Tuesday, July 28, 2009

RBI credit policy: No change in rates but change in stance

The Reserve Bank of India (RB) has left key interest rates unchanged. Inline with a poll, it has maintained status quo on the credit reserve ratio (5%), repo (4.75%) and reverse repo (3.25%) rates.
However, there is a change in its dovish stance seen earlier. It has increased its growth projections. FY10 GDP has now been maintained at 6% with an upward bias.
Inflation continues to be higher on RBI's radar. It is now projected at 5% from the earlier 4%.
The pall of gloom still hangs over the economy. That seemed to be the RBI Governor D Subbarao undelying mesage. In the report, he said the overall macro scenario is still uncertain. "Export demand remains weak. The services sector is sluggish on lagged impact of weak industry growth."
He hoped the government's monetary, fiscal steps would boost domestic demand. "The domestic, external financing environment has improved since H2 FY09. The business outlook has turned positive.
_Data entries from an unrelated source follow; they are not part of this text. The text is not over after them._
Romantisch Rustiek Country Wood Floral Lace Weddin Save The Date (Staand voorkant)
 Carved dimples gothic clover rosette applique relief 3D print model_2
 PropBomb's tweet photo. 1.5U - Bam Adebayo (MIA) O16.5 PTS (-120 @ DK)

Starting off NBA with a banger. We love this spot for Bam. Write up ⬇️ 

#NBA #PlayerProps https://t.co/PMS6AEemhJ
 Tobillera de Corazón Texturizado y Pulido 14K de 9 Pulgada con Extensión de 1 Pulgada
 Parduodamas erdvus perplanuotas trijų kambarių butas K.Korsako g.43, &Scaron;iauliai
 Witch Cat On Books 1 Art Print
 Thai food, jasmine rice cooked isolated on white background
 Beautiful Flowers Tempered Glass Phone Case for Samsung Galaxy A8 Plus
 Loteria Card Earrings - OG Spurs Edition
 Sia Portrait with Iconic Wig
RBI will continue to keep its eye on credit growth in the system"


How do experts rate the policy?
Sonal Varma, India Economist, Nomura Financial Advisories & Securities, feels today status quo from RBI suggests they are done with what they had to do on the policy front. "The key question going forward will be how long will it maintain this sort of accommodative or neutral policy environment. There are three key factors that RBI will be looking out for. One is on the growth outlook and how that pans out. Second is the government borrowing programme and third is the credit growth. The government and RBI have already front-loaded a large part of the borrowing programme. By the end of this calendar year, much of the borrowing programme will be through. Yesterday, RBI did mention that they are seeing nascent signs of credit growth picking up. The upward bias on the RBI’s growth projection clearly shows that once the monsoon situation is clear, there will be an increase in RBI’s GDP growth estimate also."
Nilesh Shah, Deputy MD, ICICI Prudential AMC, said the policy was in line with the expectations. Applauding the central bank's efforts, he said, "RBI has been managing the tough economic environment well. It is a policy which is trying to take away the accommodative stance and bring it to neutral gear by letting market forces play out and let the economy gain its own momentum."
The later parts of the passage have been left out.